# Has anyone tried using a restaurant pan for a fire basket?



## ronpopeil (Mar 20, 2015)

This seems like a cheap alternative to a purpose built piece to me.  They come in many sizes so I guess the main concern would be whether the 22ga steel will tolerate the fire for very long.


These are a bit cheaper at my local supply store btw.


----------



## chef jimmyj (Mar 20, 2015)

I used a Disposable Aluminum pan, with holes poked in it, for years. A perforated hotel pan would be fine. A 4-6" deep pan would be my first choice and you can get used pans for pennies on the doll Another good option is a Grill Basket...JJ


----------



## gary s (Mar 20, 2015)

Should work fine

gary


----------



## link (Mar 20, 2015)

I went to Lowes and purchased two sheets of expanded metal (about $20) and made my own. It is very easy to do and works great.Sheets are 24" x 12" Fold up 6" on each end of both sheets. then fit together to form your basket. I used wire to hold then together.


----------



## ronpopeil (Mar 20, 2015)

This is actually for my Weber setup.  I like the idea of compacting coals into a box rather than letting them roll around.  I also want to add a smokenator to it.  I figured I'd look into restaurant pans first.  The idea is to get a perforated pan about 4-6" deep and then another larger pan that can be angled over the firebox.  I could grill with the firebox on one side facing straight up then for smoking I could angle the firebox against the side of the kettle and place the larger solid pan over top to cover most of it to spread the heat out.


----------



## welshrarebit (Mar 20, 2015)

RonPopeil said:


> This is actually for my Weber setup.  I like the idea of compacting coals into a box rather than letting them roll around.  I also want to add a smokenator to it.  I figured I'd look into restaurant pans first.  The idea is to get a perforated pan about 4-6" deep and then another larger pan that can be angled over the firebox.  I could grill with the firebox on one side facing straight up then for smoking I could angle the firebox against the side of the kettle and place the larger solid pan over top to cover most of it to spread the heat out.

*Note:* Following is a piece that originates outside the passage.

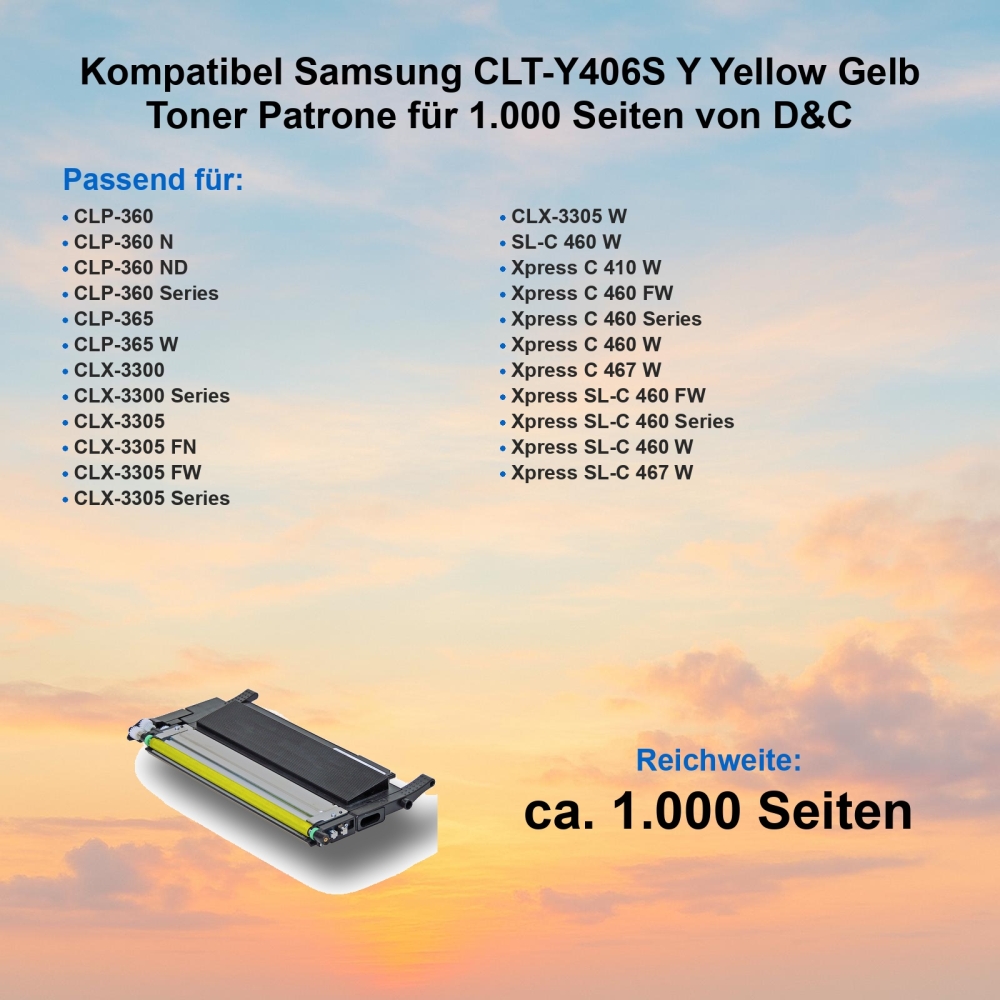 Kompatibel Samsung CLT-Y406S Y Yellow Gelb Toner Patrone für 1.000 Seiten von D&C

You can get a pair of weber charcoal baskets from HD for around $15. If I'm using my kettle I use one basket with a aluminum pan in the other side and it smokes great...


----------



## jirodriguez (Mar 20, 2015)

Welshrarebit said:


> You can get a pair of weber charcoal baskets from HD for around $15. If I'm using my kettle I use one basket with a aluminum pan in the other side and it smokes great...


+1 
	

	
	
		
		



		
		
	


	





The Weber Charcoal rails will work great and last a long time in your Weber Kettle, and you can arrange them in several configurations as needed.


----------



## mr t 59874 (Mar 20, 2015)

Welshrarebit said:


> You can get a pair of weber charcoal baskets from HD for around $15. If I'm using my kettle I use one basket with a aluminum pan in the other side and it smokes great...

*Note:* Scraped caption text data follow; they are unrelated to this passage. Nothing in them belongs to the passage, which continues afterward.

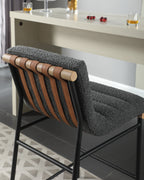 Lahni 17.75" Boucle Fabric Counter Height Chair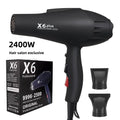 Matte black X6 professional 2400W hair dryer with two concentrator nozzle attachments and retail product box.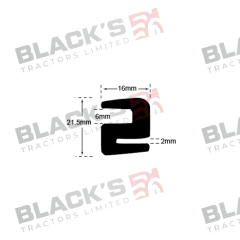 S&#039; Type Glazing Rubber (10m Roll) suitable for Case International -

Went to HD yesterday to get charcoal baskets for my newly acquired kettle.  They had them in several new smokers, but not on the shelves.  Could only get them online with HD, $15 + $5 or $6 shipping.  Still less than buying from Weber.  You can though, get them for $15 delivered to the store, just not practical for me.

Welshrarebit, I was able to get the folding grate you recommended, thanks.

Tom


----------



## ronpopeil (Mar 23, 2015)

Trying to get some clarification on what you guys are talking about.  Which one? 

http://www.lowes.com/pd_297976-505-...L=?Ns=p_product_qty_sales_dollar|1&facetInfo=

or

http://www.lowes.com/pd_591588-1646...L=?Ns=p_product_qty_sales_dollar|1&facetInfo=


----------



## welshrarebit (Mar 23, 2015)

RonPopeil said:


> Trying to get some clarification on what you guys are talking about.  Which one?
> 
> 
> http://www.lowes.com/pd_297976-505-...L=?Ns=p_product_qty_sales_dollar|1&facetInfo=
> ...



The first one...


----------